Face à la caméra, le visage  endurci par la douleur du  deuil de son unique fils, la mère de Marwan ne laissait trahir ni faiblesse, ni tristesse, ni regret. Elle ne cherchait pas de consolation et ne voulait susciter ni compassion, ni pitié.
Dans   son attitude stoïque et inébranlable, qui nous  rappelle celle  bien lointaine d’Asmaa bint Abû-Bakr face à la mort de son fils Abdullah Ibn -Zûbeir aux premiers temps de l’Islam, la mère affligée se disait « fière » du courage de son fils, et même «  heureuse » de son martyr  pour la   noble cause de l’Islam.
 Plus, elle se  montrait confiante  dans  le paradis  promis à Marwan par  « l’oracle »  d’un cheikh obscur qu’il avait croisé  sur son chemin en Libye ;  sûrement l’un de ces  cheikhs missionnés pour pousser Marwan et d’autres comme lui,  à se jeter , sans se poser de questions, dans  le brasier infernal de la guerre civile qui se déroule en Syrie.
En effet, Marwan- que Dieu l’entoure de sa miséricorde - maintenant inscrit sous le N°21305 dans   le long registre des  victimes de cette guerre,  n’est pas le seul jeune Tunisien qui ait     perdu la vie en Syrie, plusieurs  l’ont  fait avant lui, et d’autres sont déjà prêts à faire de même. Qui sont-ils ? Des noms et des  visages bien de chez-nous : Abdelhadi Gdiri, Walid  Helal, Khemaies Mares, Bassem Jarrai, Boulbaba Boukelch…. et la liste s’allonge de jour en jour. D’autres, gravement  blessés sont entre la vie et la mort, tandis que   plusieurs dizaines de nos jeunes concitoyens subissent derrière les murs opaque et silencieux des prisons syriennes des sévisses «  gracieusement » servis par les geôliers de triste réputation du régime de Bachar-al -Assad.
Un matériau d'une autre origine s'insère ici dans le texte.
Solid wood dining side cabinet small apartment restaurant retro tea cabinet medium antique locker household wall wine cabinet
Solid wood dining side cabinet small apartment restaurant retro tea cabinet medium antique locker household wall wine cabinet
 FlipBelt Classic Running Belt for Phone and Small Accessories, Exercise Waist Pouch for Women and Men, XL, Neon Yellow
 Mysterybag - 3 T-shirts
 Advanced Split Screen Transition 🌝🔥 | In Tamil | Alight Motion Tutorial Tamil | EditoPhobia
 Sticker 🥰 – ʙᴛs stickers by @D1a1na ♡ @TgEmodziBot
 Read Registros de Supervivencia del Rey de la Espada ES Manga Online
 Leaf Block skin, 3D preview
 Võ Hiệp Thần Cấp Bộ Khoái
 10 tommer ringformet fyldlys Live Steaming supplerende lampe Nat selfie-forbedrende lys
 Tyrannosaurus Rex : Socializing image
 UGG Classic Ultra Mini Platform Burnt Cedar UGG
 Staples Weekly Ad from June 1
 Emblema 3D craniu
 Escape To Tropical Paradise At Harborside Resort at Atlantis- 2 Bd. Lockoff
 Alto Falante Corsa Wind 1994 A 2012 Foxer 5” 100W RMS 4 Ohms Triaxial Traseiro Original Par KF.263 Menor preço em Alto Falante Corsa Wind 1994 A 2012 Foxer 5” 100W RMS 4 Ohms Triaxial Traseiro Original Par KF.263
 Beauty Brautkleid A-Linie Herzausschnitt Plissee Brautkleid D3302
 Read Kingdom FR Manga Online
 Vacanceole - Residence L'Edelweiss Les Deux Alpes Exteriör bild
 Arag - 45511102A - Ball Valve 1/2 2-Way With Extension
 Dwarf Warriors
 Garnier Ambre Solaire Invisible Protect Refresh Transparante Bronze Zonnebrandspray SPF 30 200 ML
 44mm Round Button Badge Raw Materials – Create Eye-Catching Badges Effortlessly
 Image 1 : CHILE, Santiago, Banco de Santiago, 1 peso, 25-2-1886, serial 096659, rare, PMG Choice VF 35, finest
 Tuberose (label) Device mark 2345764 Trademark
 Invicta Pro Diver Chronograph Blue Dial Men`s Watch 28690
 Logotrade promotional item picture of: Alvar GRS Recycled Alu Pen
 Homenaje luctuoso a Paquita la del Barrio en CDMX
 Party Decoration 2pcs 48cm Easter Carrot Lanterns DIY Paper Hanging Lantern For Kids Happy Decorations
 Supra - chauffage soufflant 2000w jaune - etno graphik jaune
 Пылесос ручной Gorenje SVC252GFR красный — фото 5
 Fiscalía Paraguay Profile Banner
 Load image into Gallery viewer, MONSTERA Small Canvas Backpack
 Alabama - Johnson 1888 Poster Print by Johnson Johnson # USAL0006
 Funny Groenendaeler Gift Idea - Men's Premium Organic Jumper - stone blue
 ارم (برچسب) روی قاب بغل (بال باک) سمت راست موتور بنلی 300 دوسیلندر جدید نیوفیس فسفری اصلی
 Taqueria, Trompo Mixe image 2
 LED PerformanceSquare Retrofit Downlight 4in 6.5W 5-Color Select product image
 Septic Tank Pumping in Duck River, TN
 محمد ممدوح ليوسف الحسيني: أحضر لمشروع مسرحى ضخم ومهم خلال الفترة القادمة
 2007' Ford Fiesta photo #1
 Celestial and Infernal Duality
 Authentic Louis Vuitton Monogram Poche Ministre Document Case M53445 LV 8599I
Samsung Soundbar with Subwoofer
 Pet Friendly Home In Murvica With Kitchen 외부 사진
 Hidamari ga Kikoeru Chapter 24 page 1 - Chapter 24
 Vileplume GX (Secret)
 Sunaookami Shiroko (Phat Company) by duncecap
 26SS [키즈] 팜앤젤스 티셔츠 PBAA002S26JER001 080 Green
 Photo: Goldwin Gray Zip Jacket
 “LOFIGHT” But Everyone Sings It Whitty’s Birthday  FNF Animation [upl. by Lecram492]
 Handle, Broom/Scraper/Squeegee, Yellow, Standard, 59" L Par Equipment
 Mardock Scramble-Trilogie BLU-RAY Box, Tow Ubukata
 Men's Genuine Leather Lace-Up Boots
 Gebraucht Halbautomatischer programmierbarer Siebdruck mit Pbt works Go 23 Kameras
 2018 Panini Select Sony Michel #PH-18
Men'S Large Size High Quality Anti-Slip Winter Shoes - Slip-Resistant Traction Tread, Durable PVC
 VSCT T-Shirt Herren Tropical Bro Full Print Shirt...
Tout ceci se passe, en l’absence unilatéralement et imprudemment décidée par notre gouvernement, d’une ambassade ou d’une quelconque représentation tunisienne, qui puisse leur fournir la moindre assistance ou  protection.
 La Tunisie serait-elle devenue si généreuse de la vie ses enfants,  si indifférente de leur sort, au point de  les  fournir  sans compter, comme chair à canon, dans une guerre fratricide  et lointaine, qui se serait en vérité, bien  dispensée de leur  concours et de leur engagement ?
Revenons sur les pas de Marwan  pour  imaginer, à partir des données que nous avons sur lui,  l’itinéraire qui l’a amené jusqu’à   son sort tragique. Nous le faisons, parce que le bref parcours  de Marouan  ressemble à celui de la plupart des jeunes qui ont suivi la même voie du Jihadisme, que celle qu’il a choisie.
 Né il y a vingt cinq ans dans une famille de condition  modeste   dans le quartier populeux et insalubre de Sijoumi , l’une des banlieue les plus déshéritées de la capitale, Marwan  fréquente comme les jeunes de sa génération et de son quartier  l’école , le lycée …et les cafés. Adolescent, il découvre la mosquée, fait la connaissance  des groupes qui s’y activent, et finit par être non seulement  un assidu de ses cercles et un fervent pratiquant; mais aussi un militant actif  au service d’une conception  rigoriste de l’islam, qu’il doit défendre et propager par le Jihad,  partout et au-delà de nos frontières.
Et c’est vers  la Syrie en pleine guerre civile, terrain devenu propice au Jihad   que Marwan  se décide à partir.
 Le restant du parcours n’est que détails: Une  traversée  discrète des frontières vers la Libye, où  sont établis les cheikhs recruteurs à la solde, un séjour  dans un camp d’entrainement et au final,  un   billet d’avion en aller simple à destination d’Istanbul.
 Débarqué  dans cette métropole qu’il voit pour la première fois,  il  jette un regard furtif et détaché sur les belles silhouettes des minarets de  l’Aya-sofia  et de la mosquée bleue, avant de rejoindre hâtivement la planque discrète dans laquelle  il passe la nuit,  avant    d’être dirigé clandestinement par les chemins de traverse, vers la frontière.
 Arrivé en Syrie, Marwan  est enrôlé dans une Katiba de  moujahidines étrangers, envoyé aux avant-postes les plus risqués,  et c’est là qu’il  succombe avant de mener son premier combat.
 Le cas de Marwan et des centaines d’autres jeunes Tunisiens engagés dans le Jihad en dehors de nos frontières : en Syrie, en Irak, en Afghanistan, en Libye, en Somalie, au Sahara  et dans d’autres lieux   nous oblige à nous poser les deux questions suivantes :
D’abord : pourquoi et comment  la Tunisie est-elle  devenue au cours de ces dernières années  l’un des plus grands terreaux pourvoyeurs de moudjahidines  de par le monde ?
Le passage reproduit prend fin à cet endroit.